## Study material
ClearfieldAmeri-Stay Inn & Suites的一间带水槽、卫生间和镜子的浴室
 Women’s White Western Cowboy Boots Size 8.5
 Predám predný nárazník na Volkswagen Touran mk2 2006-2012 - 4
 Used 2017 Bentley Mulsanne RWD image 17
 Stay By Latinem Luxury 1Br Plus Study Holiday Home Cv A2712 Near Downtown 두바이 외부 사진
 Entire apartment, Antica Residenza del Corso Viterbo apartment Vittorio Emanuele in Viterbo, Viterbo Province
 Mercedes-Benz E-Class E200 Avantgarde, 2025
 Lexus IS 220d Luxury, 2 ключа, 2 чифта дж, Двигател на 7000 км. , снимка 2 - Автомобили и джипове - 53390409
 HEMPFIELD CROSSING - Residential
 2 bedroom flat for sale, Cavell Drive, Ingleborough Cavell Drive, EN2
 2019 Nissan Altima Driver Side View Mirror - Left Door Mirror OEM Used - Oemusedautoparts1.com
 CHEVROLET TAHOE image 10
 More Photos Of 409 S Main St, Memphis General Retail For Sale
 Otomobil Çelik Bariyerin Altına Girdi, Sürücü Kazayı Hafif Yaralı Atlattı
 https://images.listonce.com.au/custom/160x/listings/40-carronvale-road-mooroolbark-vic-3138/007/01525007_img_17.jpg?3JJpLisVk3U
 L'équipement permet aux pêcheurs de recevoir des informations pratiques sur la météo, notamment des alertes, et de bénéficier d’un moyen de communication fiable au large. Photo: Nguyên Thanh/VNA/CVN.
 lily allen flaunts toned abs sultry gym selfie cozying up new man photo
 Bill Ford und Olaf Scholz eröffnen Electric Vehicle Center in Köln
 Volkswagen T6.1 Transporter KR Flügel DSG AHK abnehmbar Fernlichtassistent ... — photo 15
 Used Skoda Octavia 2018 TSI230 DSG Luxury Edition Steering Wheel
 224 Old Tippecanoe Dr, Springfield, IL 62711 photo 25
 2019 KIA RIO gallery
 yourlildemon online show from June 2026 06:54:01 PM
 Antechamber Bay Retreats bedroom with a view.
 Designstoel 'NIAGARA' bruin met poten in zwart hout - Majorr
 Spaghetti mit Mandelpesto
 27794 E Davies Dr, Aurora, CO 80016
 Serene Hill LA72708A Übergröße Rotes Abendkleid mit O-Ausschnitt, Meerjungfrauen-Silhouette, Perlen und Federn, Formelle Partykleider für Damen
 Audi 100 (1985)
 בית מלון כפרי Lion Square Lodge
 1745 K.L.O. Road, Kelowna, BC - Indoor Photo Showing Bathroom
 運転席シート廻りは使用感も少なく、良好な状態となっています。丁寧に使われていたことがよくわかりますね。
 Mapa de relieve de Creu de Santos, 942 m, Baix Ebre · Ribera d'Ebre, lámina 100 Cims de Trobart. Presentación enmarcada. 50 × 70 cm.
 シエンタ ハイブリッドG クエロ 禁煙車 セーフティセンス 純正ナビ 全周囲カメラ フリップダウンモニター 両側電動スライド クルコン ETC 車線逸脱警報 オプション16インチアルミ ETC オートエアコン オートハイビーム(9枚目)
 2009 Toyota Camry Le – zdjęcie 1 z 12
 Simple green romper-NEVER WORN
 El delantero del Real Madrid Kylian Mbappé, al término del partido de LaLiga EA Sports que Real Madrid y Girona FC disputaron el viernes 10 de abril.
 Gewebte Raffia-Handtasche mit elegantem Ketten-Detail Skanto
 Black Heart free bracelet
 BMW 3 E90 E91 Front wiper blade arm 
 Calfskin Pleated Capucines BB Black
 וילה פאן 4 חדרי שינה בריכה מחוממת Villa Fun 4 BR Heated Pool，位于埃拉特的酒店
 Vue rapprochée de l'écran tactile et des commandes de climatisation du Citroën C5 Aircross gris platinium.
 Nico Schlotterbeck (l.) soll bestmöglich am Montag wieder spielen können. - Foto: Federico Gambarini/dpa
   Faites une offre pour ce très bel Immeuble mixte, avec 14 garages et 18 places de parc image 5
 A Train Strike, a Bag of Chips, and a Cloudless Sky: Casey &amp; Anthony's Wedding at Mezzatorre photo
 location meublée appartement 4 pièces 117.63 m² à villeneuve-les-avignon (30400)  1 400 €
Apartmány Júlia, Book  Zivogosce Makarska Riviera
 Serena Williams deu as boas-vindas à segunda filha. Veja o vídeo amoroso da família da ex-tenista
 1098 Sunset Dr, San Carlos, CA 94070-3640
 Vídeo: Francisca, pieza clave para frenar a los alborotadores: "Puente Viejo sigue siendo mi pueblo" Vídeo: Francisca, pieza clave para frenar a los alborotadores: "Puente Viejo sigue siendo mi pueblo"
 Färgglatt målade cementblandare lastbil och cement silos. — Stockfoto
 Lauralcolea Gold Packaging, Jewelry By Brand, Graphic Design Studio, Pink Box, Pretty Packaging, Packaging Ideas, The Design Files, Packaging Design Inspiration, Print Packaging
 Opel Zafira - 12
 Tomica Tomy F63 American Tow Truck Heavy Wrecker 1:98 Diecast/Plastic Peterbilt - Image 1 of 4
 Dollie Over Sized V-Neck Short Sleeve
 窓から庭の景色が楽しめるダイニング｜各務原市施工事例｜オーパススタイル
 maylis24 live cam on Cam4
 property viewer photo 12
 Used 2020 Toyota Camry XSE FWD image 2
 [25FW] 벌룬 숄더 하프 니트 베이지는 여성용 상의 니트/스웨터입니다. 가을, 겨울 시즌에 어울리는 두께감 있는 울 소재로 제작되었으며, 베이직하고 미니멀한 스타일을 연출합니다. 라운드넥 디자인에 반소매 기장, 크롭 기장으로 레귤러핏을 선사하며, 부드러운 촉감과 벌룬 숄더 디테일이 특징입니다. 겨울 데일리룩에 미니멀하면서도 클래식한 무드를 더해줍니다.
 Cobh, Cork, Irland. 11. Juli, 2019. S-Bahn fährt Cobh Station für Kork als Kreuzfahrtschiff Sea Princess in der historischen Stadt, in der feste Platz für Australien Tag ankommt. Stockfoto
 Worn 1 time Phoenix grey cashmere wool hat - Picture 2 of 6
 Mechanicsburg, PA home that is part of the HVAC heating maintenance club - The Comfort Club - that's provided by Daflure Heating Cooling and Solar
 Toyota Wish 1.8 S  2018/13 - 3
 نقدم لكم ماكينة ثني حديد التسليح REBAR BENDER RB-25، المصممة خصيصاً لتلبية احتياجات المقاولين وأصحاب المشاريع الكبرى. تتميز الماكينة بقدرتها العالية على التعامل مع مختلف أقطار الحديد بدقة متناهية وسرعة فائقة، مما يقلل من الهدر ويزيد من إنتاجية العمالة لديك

## Action item
Gather each line from the listing above that holds "Stay".

## Answer box
ClearfieldAmeri-Stay Inn & Suites的一间带水槽、卫生间和镜子的浴室
 Stay By Latinem Luxury 1Br Plus Study Holiday Home Cv A2712 Near Downtown 두바이 외부 사진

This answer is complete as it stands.